Una cosa che mi mancherà sono le domeniche pomeriggio sul mio divano blu, e la brezza che entra dalla piccola finestra quasi quadrata. La sensazione di estate che entrava la domenica anche a casa di mia madre, attraverso il balconcino di quella cucina che oggi è una specie di giungla di piante e piantine, di sedie di legno e soprammobili colorati, il regno indiscusso di mia madre in pensione.

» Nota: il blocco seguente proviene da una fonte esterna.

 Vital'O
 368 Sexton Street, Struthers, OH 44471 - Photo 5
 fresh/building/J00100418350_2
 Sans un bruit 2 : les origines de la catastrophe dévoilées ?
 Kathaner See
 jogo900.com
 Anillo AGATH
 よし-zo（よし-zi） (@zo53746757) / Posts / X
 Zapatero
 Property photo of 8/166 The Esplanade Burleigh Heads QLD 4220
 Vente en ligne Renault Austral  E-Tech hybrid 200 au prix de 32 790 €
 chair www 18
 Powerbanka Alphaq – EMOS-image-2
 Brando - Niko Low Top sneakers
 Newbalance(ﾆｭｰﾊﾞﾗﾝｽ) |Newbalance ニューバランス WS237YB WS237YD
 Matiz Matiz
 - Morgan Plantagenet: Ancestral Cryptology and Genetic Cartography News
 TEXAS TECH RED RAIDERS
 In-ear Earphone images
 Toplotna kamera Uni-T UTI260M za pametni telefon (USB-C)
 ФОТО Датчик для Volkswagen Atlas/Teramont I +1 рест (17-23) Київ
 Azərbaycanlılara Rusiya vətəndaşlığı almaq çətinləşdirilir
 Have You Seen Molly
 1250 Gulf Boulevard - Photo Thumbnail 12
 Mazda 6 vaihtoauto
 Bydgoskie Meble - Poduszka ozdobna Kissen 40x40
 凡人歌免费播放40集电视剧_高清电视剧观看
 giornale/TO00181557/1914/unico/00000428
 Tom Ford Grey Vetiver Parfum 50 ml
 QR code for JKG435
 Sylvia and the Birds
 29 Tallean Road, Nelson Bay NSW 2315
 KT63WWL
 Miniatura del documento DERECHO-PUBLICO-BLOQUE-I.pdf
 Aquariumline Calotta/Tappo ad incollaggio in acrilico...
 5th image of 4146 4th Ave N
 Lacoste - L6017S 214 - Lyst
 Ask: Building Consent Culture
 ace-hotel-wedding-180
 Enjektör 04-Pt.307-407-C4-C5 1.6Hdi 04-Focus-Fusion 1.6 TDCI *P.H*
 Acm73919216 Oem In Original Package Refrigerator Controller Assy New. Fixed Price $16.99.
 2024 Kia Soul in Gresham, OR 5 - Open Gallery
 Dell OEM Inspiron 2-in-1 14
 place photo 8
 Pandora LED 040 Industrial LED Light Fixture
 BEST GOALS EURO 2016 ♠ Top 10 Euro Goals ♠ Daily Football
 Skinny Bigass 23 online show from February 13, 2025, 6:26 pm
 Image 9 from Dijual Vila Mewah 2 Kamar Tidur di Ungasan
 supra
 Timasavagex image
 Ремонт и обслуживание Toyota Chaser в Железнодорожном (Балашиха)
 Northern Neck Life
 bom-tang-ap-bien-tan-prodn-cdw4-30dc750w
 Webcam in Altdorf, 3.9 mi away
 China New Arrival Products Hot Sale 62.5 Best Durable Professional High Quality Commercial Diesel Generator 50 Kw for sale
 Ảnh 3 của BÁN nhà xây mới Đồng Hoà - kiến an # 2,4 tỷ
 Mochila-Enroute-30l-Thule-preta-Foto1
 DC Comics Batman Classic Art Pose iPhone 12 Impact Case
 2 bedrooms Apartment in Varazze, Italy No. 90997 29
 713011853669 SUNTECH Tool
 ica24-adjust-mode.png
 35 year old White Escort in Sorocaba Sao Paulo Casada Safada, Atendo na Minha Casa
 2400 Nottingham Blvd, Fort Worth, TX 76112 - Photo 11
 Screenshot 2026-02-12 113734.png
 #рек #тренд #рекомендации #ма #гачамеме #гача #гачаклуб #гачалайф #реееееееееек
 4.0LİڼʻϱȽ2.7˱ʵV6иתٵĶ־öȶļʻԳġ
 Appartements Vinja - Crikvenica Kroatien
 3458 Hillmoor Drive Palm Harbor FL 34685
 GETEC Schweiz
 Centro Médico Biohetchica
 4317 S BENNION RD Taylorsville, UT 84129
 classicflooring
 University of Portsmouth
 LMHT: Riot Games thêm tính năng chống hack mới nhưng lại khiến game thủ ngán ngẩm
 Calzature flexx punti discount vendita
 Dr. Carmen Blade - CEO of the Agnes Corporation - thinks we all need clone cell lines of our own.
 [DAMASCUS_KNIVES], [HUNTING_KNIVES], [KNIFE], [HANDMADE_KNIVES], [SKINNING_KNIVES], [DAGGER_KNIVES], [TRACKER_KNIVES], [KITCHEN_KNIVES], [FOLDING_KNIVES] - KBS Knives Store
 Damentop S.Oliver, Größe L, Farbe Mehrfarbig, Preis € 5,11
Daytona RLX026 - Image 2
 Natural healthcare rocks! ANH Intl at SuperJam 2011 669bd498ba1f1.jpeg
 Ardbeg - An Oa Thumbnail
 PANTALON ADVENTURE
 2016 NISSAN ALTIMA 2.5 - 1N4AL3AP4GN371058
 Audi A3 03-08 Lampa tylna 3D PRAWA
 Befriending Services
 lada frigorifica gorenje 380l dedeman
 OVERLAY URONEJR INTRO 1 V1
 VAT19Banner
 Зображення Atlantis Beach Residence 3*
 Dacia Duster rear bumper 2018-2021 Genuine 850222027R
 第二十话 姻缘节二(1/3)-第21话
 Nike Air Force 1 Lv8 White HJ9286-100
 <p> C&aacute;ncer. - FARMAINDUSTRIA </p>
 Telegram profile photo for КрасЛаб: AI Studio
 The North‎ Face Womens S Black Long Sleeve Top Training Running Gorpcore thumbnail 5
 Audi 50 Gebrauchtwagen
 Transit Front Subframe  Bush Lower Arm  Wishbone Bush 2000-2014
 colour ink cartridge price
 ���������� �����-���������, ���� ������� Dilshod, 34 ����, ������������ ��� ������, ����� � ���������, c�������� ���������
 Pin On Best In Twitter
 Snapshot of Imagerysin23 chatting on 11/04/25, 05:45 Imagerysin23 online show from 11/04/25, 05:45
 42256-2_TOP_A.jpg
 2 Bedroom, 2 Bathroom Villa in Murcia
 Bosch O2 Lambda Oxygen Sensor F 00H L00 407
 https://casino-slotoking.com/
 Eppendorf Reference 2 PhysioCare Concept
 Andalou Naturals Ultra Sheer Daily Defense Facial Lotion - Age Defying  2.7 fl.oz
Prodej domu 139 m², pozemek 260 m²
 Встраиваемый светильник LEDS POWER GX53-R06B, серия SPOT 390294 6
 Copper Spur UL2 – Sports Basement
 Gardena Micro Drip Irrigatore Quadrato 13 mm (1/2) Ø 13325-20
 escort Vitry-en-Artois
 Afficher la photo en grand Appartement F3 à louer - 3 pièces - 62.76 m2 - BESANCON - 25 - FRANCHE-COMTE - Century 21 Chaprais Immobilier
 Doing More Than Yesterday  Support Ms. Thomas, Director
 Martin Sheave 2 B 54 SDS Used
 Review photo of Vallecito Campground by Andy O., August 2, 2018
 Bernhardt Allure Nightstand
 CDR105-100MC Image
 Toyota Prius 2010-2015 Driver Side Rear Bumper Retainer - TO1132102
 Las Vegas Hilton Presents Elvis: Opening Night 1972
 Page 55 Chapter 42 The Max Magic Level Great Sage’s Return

Ho vissuto in posti vari, ho viaggiato non tanto ma abbastanza per dire che non c'è nulla che mi piaccia tanto come la brezza del mediterraneo. Che spiri a Barcellona, a Salerno, a Rimini o a Spalato, la brezza estiva del mediterraneo ha una cadenza e un odore diversi da quelli degli altri venti che hanno accarezzato la mia pelle. Non ha nulla di aggressivo, è quasi un massaggio benevolo ai tuoi muscoli e al tuo cervello che ti sussurra all'orecchio di rilassarti come se fosse una soffusa musica per esercizi yoga.

Fa quasi strano pensare che si usa per questa brezza da cittá di mare la parola vento, la stessa parola usata per quell'aria aggressiva e gelida che ardeva le nostre pelli nella Città proibita a Natale, la stessa parola usata per quel sussulto repentino che ti fa fare due 2 metri in un solo passo e ti annebbia il cervello con l'odore di una salsedine diversa, aggressiva, quasi centenaria a Galway.

Sei scatoloni di un supermercato regnano nel mio minuscolo soggiorno mentre mi abbandono alla pigrizia estiva e mi faccio cullare dal refolo nella speranza che tutte le incombenze pratiche che mi aspettano da qui a un mese si dileguino nel lieve ondeggiare del vento di mare. Mi adagio nell'onda pensando a quando, in una terra grigia e piovosa, la mia pelle anelerà alla calura estiva, la mia bocca avida cercherà pomodori, cetrioli, albicocche, melenzane e tutte quelle leccornie che la terra ci regala sul mediterraneo, e il mio corpo troverà consolazione nell'abbraccio caldo di un montanaro paffuto di pelle bianca come la neve.